Section 13: Statement of compliance
55. This section replaces section 12(3) and (3A) of the 1985 Act. At present, where an
application for registration of a company is made in paper form, the application must be
accompanied by a statutory declaration (made before a solicitor or commissioner of oaths)
confirming that the requirements of the 1985 Act in respect of registration, and of matters
precedent and incidental to it, have been complied with (see section 12(1) of that Act). This
statutory declaration must be made by one of the persons whom it is proposed will be a
founder director or secretary of the company (that is, on registration) or a solicitor engaged in
the formation of the company.
56. Where the application for registration is made in electronic form, in place of the
statutory declaration required under section 12(3) of the 1985 Act, the same persons may,
alternatively, deliver an “electronic statement” to the registrar. This statement must confirm
that the requirements referred to in section 12(1) have been met.

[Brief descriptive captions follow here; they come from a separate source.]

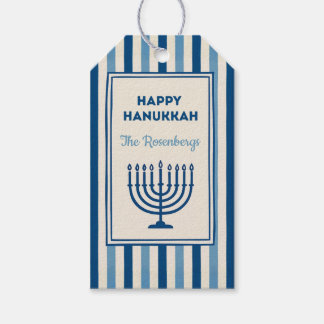 Étiquettes-cadeau Menorah de Hanoukka à rayures sur mesure tendance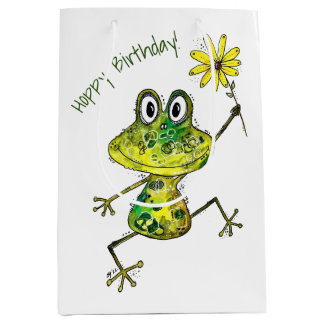 Sac Cadeau Moyen Cute Whimsical Happy Frog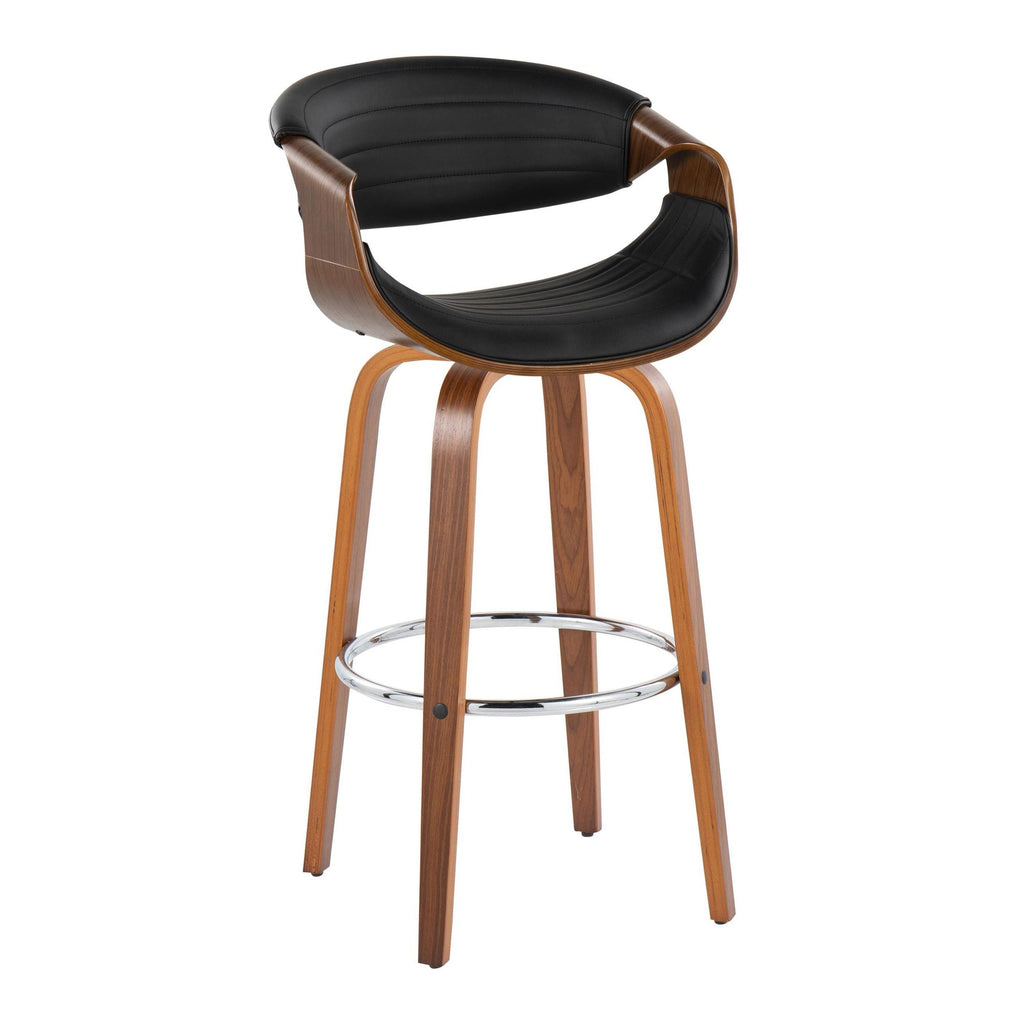 Symphony 30" Fixed-Height Barstool - Set of 2 - Walnut Wood, Chrome Metal, Black PU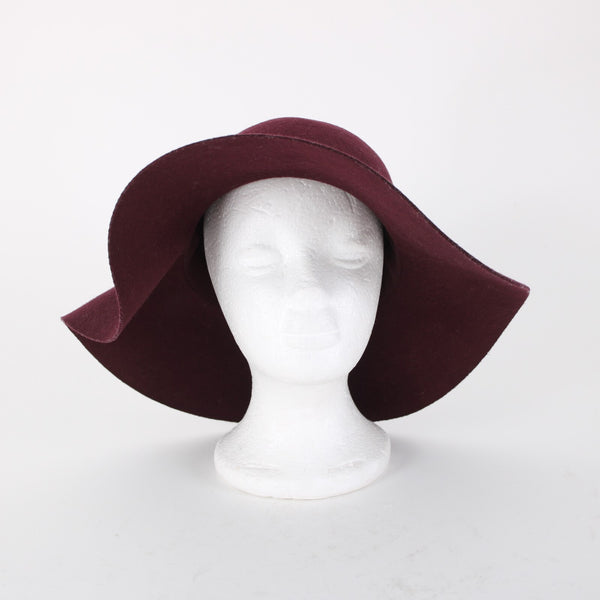 Scala Collezione Sz One Size Burgundy Red Purple 100% Wool Hat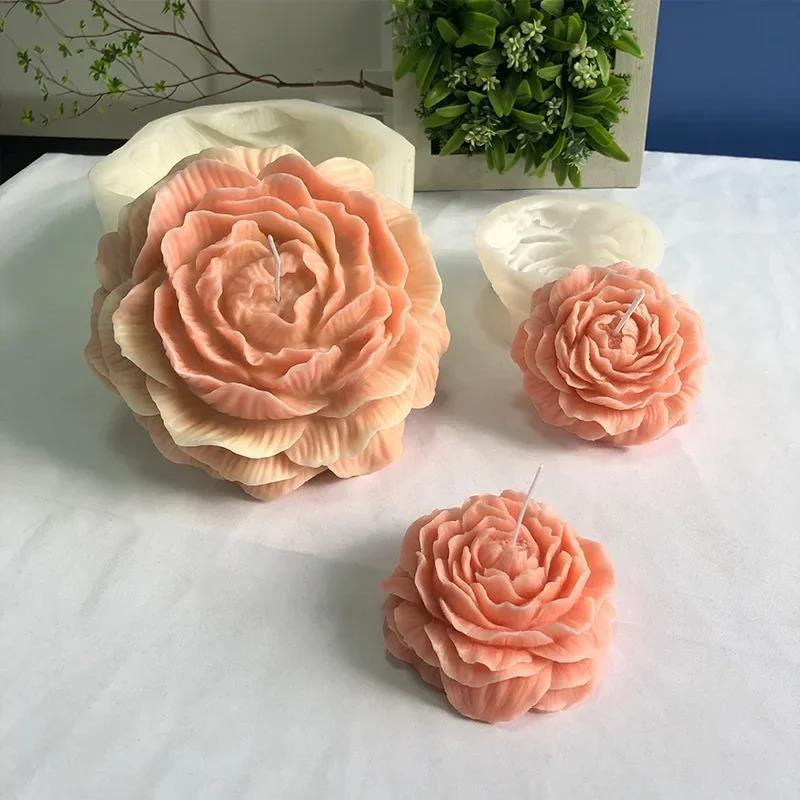 Extra Large Flower Peony Candle Silicone Mold 3D Plant Molde de silicona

57. Based on the recommendations of the CLR (Final Report, paragraph 9.5), the current
requirement for a statutory declaration or electronic statement, here and elsewhere in the Act,
is replaced by a requirement to make a statement of compliance. This statement does not need
to be witnessed and may be made in paper or electronic form. It will be for the registrar’s
rules under section 1068 to specify who may make this statement (and the form of it). As
with all documents delivered to, or statements made to, the registrar, it is an offence to make
a false statement of compliance – see section 1112.
Section 14: Registration
58. This section restates section 12(1) and (2) of the 1985 Act. As now, where the
registrar is satisfied that all of the requirements of the Act as to registration have been met
she will register the documents delivered to her and issue a certificate of incorporation under
section 15.
Section 15: Issue of certificate of incorporation
59. This section restates section 13(1)(2) and (7)(a) of the 1985 Act and contains a new provision in subsection (2), which prescribes the contents of the certificate of incorporation
issued by the registrar on registration of a company. The certificate of incorporation is
conclusive evidence that the requirements of the Act as to registration have been met, that the
company has been registered, and (where relevant) that the company has been registered as a
limited company or a public company.
60. There is one change to what the certificate of incorporation is required to state: in
future this will include details of whether the company’s registered office is situated in
England and Wales (or in Wales), in Scotland or in Northern Ireland. The certificate will also
state, where the company is limited, whether it is limited by shares or by guarantee.
Section 16: Effect of registration
61. This section replaces section 13(3) to (5) of the 1985 Act. It provides, amongst other
things, that the subscribers to the memorandum, together with such other persons as may
from time to time become members of a company, are a body corporate by the name stated in
the certificate of incorporation and, in the case of a company having a share capital, that the
subscribers to the memorandum become holders of the shares specified in the statement of
capital and initial shareholdings. This means that on registration a company becomes a legal
person in its own right, which is distinct from the people who own it (the members) and the
people who manage it (the directors).